SaaFormer: Spectral-spatial Axial Aggregation Transformer for Hyperspectral Image Classification

Hyperspectral images (HSI) captured from earth observing satellites and aircraft is becoming increasingly important for applications in agriculture, environmental monitoring, mining, etc. Due to the limited available hyperspectral datasets, the pixel-wise random sampling is the most commonly used training-test dataset partition approach, which has significant overlap between samples in training and test datasets. Furthermore, our experimental observations indicates that regions with larger overlap often exhibit higher classification accuracy. Consequently, the pixel-wise random sampling approach poses a risk of data leakage. Thus, we propose a block-wise sampling method to minimize the potential for data leakage. Our experimental findings also confirm the presence of data leakage in models such as 2DCNN. Further, We propose a spectral-spatial axial aggregation transformer model, namely SaaFormer, to address the challenges associated with hyperspectral image classifier that considers HSI as long sequential three-dimensional images. The model comprises two primary components: axial aggregation attention and multi-level spectral-spatial extraction. The axial aggregation attention mechanism effectively exploits the continuity and correlation among spectral bands at each pixel position in hyperspectral images, while aggregating spatial dimension features. This enables SaaFormer to maintain high precision even under block-wise sampling. The multi-level spectral-spatial extraction structure is designed to capture the sensitivity of different material components to specific spectral bands, allowing the model to focus on a broader range of spectral details. The results on six publicly available datasets demonstrate that our model exhibits comparable performance when using random sampling, while significantly outperforming other methods when employing block-wise sampling partition.

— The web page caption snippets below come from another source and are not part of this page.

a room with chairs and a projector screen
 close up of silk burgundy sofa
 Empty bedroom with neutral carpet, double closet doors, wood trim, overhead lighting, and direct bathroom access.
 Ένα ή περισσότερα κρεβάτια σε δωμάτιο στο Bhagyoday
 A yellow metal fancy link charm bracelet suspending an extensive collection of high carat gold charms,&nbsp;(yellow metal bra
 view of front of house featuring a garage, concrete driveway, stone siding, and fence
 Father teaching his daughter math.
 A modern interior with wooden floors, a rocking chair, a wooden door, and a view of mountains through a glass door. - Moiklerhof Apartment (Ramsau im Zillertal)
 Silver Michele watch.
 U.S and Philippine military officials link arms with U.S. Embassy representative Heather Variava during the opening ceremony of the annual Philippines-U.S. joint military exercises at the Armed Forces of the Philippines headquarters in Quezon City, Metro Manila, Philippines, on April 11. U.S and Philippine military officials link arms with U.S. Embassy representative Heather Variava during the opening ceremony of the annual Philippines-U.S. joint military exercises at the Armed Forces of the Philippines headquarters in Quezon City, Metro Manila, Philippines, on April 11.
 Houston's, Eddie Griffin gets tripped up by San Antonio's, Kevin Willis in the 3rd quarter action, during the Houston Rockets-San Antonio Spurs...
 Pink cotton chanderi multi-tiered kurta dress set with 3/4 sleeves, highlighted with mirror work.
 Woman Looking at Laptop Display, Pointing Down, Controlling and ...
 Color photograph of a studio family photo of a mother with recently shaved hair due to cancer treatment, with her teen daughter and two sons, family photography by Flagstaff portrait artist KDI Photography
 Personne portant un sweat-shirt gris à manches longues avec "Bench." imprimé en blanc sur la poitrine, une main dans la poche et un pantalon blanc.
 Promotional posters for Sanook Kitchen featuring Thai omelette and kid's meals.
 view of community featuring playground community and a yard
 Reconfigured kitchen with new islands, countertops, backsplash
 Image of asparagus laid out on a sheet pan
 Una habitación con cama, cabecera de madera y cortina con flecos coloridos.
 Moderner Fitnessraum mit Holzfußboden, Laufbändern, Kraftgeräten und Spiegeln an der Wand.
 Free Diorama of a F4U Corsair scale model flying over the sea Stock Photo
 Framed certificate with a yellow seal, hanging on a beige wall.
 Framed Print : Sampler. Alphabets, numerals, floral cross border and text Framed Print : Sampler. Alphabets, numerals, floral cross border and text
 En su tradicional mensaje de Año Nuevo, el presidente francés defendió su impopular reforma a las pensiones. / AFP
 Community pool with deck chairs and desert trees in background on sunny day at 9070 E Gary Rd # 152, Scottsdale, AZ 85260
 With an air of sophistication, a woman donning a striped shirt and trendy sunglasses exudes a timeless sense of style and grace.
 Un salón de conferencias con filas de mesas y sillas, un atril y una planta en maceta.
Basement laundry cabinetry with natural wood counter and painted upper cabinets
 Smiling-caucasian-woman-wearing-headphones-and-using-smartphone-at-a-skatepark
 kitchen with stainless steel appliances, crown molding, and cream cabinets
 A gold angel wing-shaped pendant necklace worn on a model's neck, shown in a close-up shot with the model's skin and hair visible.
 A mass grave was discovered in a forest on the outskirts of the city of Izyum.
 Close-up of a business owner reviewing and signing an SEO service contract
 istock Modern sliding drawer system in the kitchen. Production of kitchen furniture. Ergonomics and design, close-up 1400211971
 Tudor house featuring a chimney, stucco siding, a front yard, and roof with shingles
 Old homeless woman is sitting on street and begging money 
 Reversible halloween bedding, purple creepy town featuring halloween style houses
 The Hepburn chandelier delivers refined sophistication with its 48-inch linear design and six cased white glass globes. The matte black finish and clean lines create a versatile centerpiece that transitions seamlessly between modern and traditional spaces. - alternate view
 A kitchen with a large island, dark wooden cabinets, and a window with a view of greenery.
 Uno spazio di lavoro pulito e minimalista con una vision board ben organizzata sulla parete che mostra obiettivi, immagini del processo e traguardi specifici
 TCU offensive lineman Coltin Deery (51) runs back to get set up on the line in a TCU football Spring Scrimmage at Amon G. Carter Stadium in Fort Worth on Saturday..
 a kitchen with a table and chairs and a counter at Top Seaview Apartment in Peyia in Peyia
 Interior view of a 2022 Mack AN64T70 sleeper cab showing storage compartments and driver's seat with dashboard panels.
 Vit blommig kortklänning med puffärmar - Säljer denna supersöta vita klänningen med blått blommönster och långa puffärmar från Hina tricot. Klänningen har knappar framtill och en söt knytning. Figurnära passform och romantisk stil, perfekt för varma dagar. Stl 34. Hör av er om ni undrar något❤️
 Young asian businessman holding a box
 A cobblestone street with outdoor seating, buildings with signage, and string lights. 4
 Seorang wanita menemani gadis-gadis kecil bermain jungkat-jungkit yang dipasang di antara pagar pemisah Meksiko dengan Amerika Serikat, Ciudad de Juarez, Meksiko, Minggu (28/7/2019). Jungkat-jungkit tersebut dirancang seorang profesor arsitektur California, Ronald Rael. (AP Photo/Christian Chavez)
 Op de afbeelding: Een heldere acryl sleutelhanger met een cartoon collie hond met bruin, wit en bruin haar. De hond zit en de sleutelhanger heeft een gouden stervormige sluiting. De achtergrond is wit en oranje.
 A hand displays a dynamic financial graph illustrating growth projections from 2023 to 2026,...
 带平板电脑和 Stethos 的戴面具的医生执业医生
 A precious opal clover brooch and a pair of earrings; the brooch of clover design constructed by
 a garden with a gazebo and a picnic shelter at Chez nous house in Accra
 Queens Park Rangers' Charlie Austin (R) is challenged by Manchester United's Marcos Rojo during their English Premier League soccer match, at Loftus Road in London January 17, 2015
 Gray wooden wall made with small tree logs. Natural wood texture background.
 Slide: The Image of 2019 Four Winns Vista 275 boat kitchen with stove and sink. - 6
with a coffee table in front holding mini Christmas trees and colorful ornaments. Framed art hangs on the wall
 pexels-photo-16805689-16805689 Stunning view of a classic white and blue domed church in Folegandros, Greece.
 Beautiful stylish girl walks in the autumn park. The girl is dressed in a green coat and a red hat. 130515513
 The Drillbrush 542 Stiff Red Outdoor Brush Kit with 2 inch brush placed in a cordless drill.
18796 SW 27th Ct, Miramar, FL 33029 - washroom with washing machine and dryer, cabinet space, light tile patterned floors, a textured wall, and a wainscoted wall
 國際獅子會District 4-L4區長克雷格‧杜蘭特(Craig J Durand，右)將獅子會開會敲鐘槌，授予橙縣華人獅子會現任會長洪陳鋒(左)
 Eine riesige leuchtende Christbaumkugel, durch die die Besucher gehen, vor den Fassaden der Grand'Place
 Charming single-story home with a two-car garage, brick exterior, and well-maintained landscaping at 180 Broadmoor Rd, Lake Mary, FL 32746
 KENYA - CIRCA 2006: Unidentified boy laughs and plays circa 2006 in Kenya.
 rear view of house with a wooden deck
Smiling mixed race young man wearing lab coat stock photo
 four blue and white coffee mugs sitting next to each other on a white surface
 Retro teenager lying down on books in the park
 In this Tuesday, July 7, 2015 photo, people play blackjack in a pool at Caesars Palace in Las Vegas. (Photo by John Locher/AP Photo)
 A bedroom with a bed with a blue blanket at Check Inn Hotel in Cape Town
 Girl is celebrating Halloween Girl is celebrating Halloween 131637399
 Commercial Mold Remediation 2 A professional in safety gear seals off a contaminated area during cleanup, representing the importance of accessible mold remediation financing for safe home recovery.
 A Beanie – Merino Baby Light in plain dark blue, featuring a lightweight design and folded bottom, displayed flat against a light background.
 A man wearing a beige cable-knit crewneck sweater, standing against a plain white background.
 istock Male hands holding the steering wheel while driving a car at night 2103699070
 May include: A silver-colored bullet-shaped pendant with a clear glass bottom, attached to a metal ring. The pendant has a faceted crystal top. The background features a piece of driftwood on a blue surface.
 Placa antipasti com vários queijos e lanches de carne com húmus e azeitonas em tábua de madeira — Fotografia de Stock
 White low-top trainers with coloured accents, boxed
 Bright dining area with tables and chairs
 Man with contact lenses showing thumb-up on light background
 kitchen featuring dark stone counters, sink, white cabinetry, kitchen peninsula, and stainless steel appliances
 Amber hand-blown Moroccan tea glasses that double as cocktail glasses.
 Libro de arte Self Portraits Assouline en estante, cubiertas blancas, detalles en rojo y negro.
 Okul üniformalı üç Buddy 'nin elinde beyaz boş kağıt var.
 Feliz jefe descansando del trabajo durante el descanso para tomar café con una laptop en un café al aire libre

翻译：从地球观测卫星和飞行器获取的高光谱图像在农业、环境监测、矿产勘探等领域的应用日益重要。由于可用高光谱数据集的局限性，像素级随机采样是最常用的训练-测试数据集划分方法，但该方法会导致训练集与测试集样本之间存在显著重叠。此外，我们的实验观察表明，重叠区域越大的样本通常分类精度越高。因此，像素级随机采样方法存在数据泄露风险。为此，我们提出一种分块采样方法以最小化数据泄露可能性，实验结果也证实了2DCNN等模型中存在数据泄露现象。进一步地，我们提出一种谱-空轴向聚合Transformer模型——SaaFormer，用于解决将高光谱图像视为长序列三维图像时的分类挑战。该模型包含两大核心组件：轴向聚合注意力机制与多层级谱-空特征提取。轴向聚合注意力机制有效利用高光谱图像中每个像素位置的光谱波段连续性与相关性，同时聚合空间维度的特征，使SaaFormer在分块采样条件下仍保持高精度。多层级谱-空提取结构则专门设计用于捕捉不同物质成分对特定光谱波段的敏感性，使模型能聚焦更广泛的光谱细节。在六个公开数据集上的实验结果表明：采用随机采样时，本模型性能与现有方法相当；而采用分块采样划分时，本模型显著优于其他方法。